### Data to process
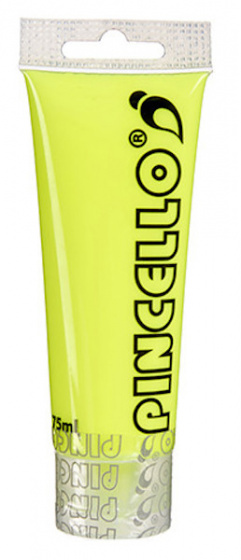 Pincello acrylverf 75 ml 5,5 x 3,5 x 14,5 cm neon geel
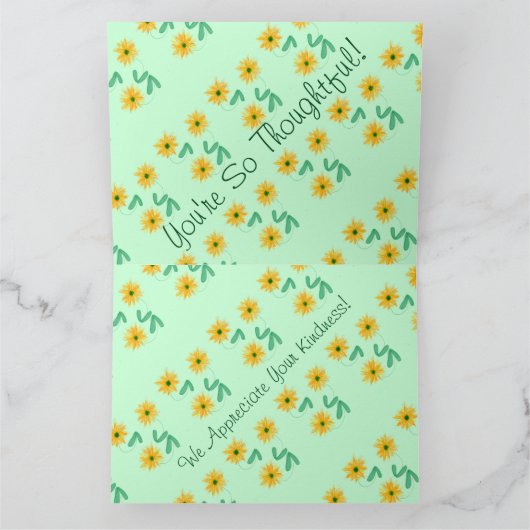 Wir schätzen Ihre Freundlichkeit Dankeskarte (Innenseite)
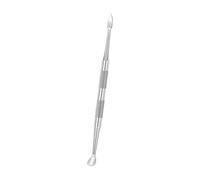 Eccellente collettore per epidermide in acciaio a doppia testa Unguis Ready Tool trasportabile per set da viaggio e uso in studio Collettore permanente antiruggine per epidermide doppio piano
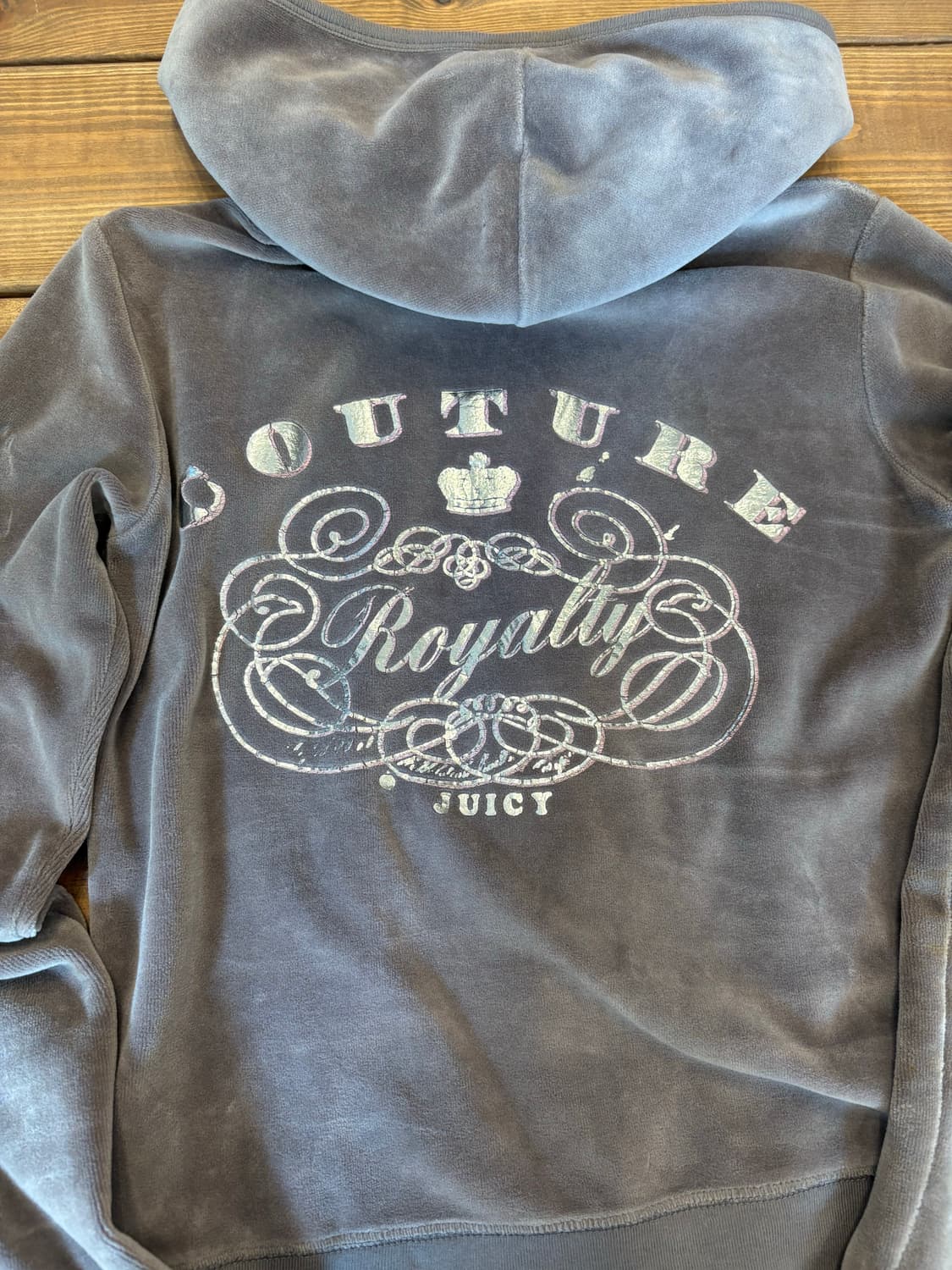 쥬시꾸띄르 모카 벨벳 후드집업 상품이미지8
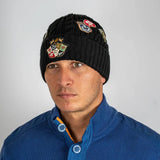 Bonnet Barbarians noir multi-nations doublé polaire - BACK to LEGEND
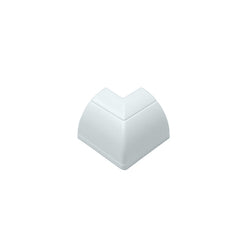 D-Line Smooth-Fit External Bend for Floor Trunking 22x22mm White - FLEB22QSW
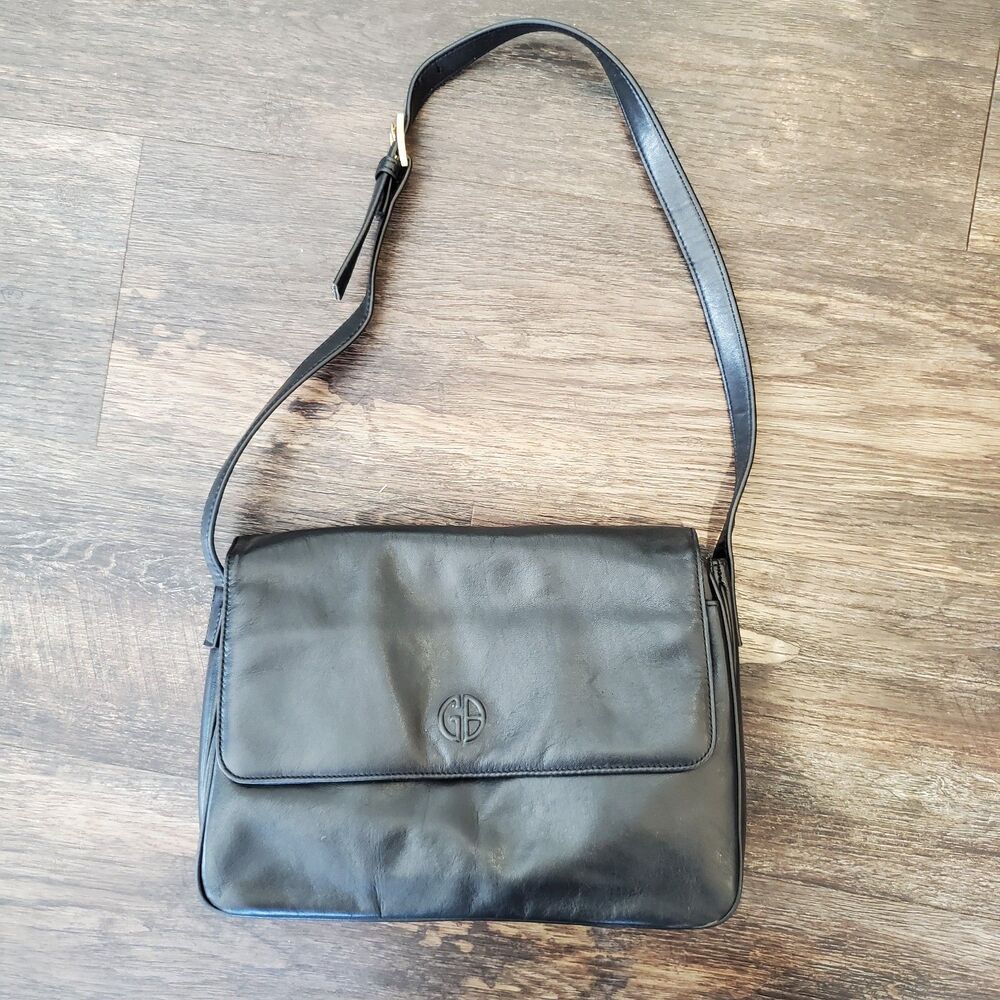 Vintage Giani Bernini Black Shoulder Bag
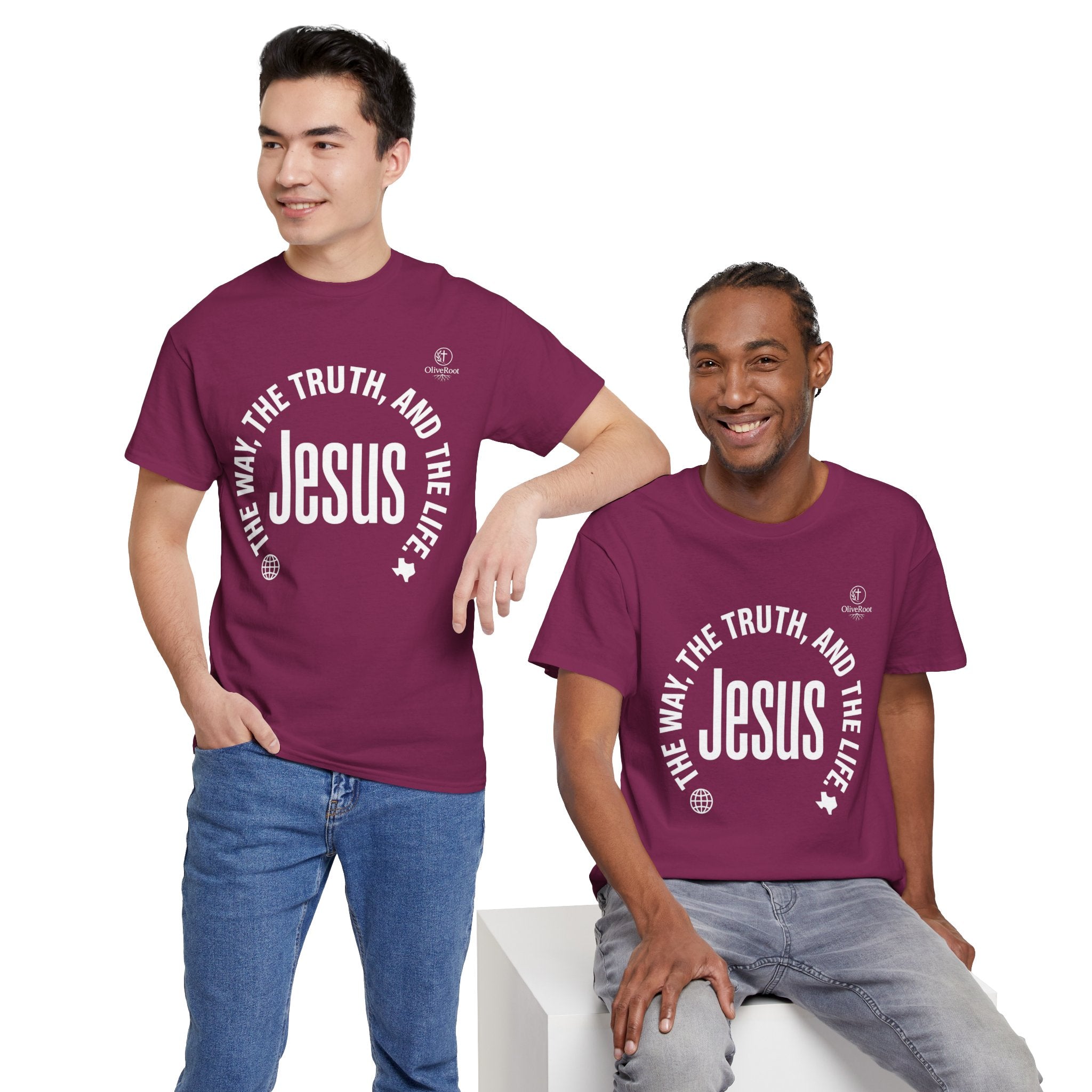 Christian Faith Tee: Jesus, The Way, The Truth and The Life.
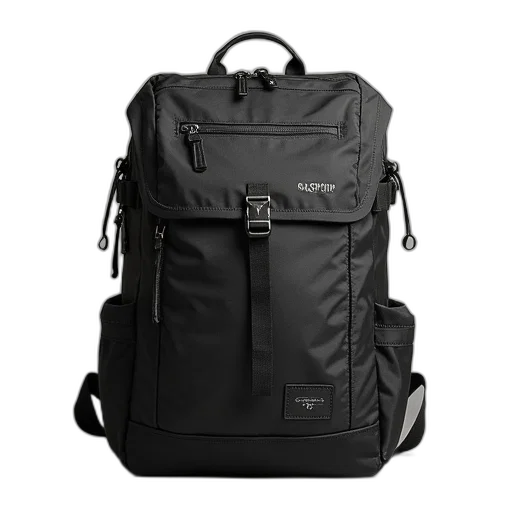 jacket, dakin, backpack, packed transparent PNG cut-out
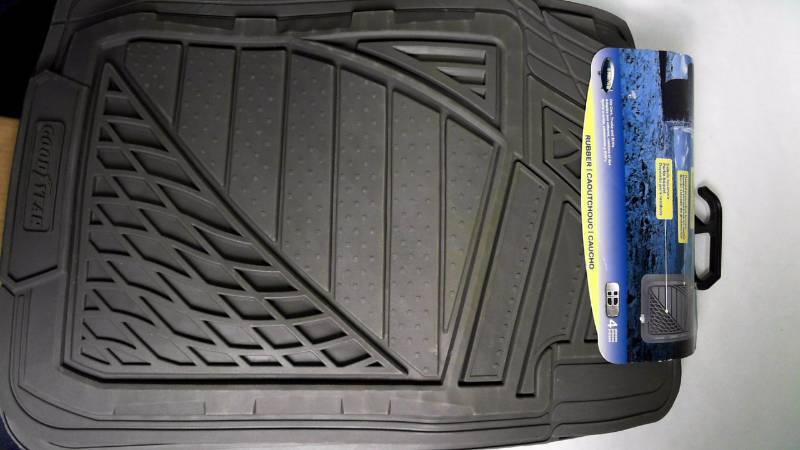lot 2418 image: Goodyear Set of 4 RubberCarpet All-Weather Vehicle Floor Mats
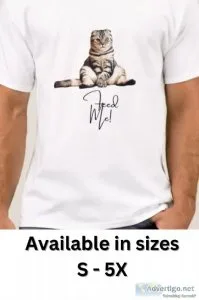 Fat Cat Feed Me Funny Sarcastic Shirt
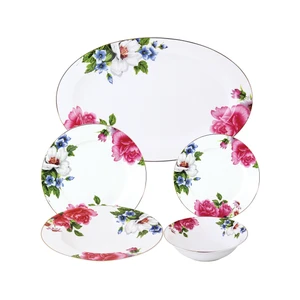 سرویس غذاخوری 25 پارچه اف ام مدل Flowery آلمان 6 نفره کد 14033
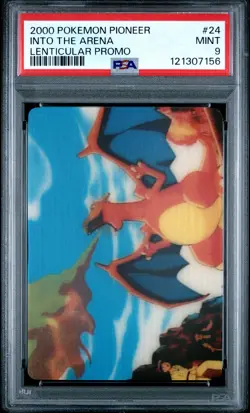 2000 Pokemon Pioneer Promo Into The Arena 3D Charizard Nintendo PSA 9 - Image 1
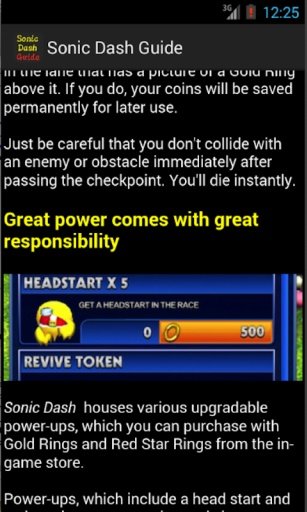 Guide &amp; Cheat for Sonic Dash截图6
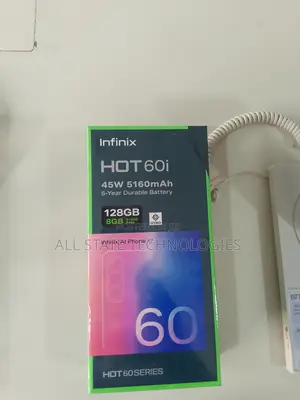 New Infinix Hot 60i 128 GB Black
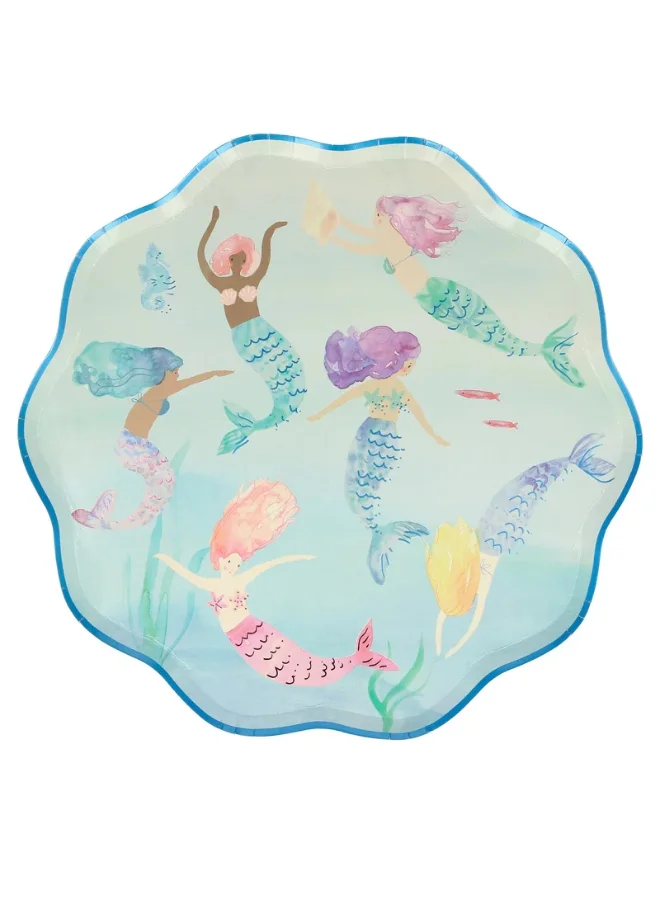 Meri Meri Mermaids Swimming Plates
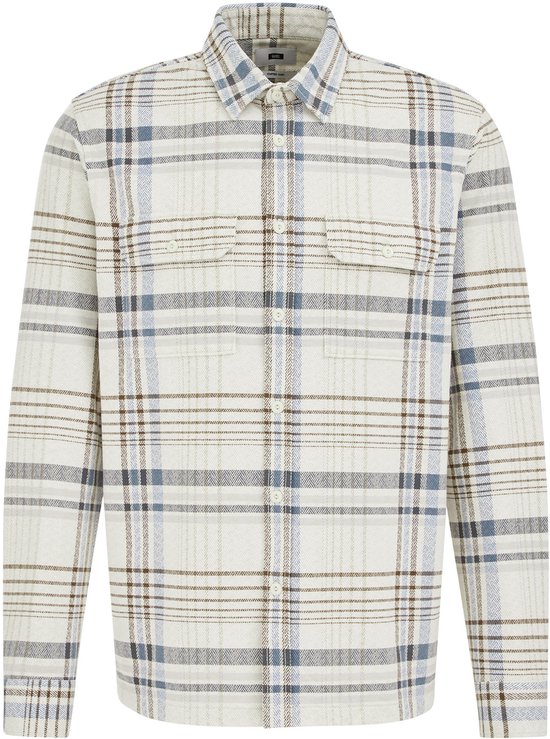 WE Fashion Heren overshirt met print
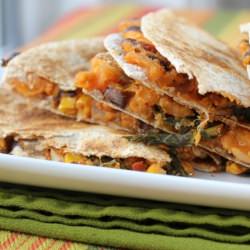 Sweet Potato and Kale Quesadillas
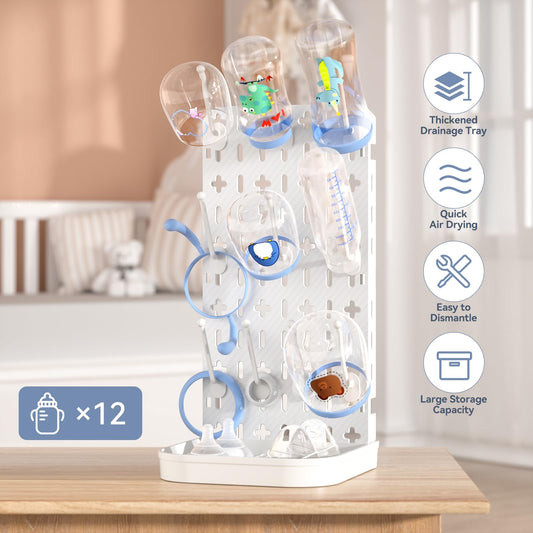 Clesoo vertical bottle holder showing 12 hook capacity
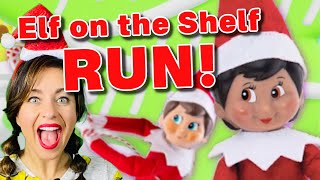 Elf on the Shelf Run 😅 Exercise for Kids Winter Chase ❄️ [upl. by Marasco]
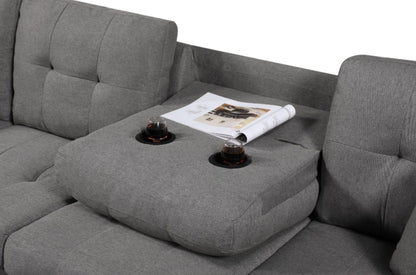 Viva Elite Élan Sectional Sofa with Ottoman – The Future of Modular Living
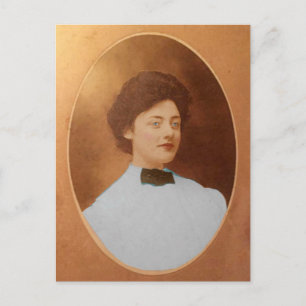 Clara "Claire" Sage Talla Johnson 1909 Briefkaart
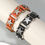 Thumbnail: Punk rock metal stars mem accessories genuine leather bracelet for men women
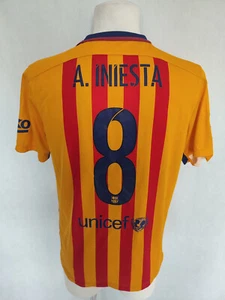 Barcelona Away Fußball Trikot 2015 - 2016 Trikot #8 Andres Iniesta Nike Gr. M - Bild 1 von 12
######
== Task directions ==
Each line from the one that holds "Viva Elite Élan" through the end of the entries must be returned exactly, while any pictures stay out.

== Solution ==
 Viva Elite Élan Sectional Sofa with Ottoman – The Future of Modular Living
 Clara "Claire" Sage Talla Johnson 1909 Briefkaart
 Thumbnail: Punk rock metal stars mem accessories genuine leather bracelet for men women
 Barcelona Away Fußball Trikot 2015 - 2016 Trikot #8 Andres Iniesta Nike Gr. M - Bild 1 von 12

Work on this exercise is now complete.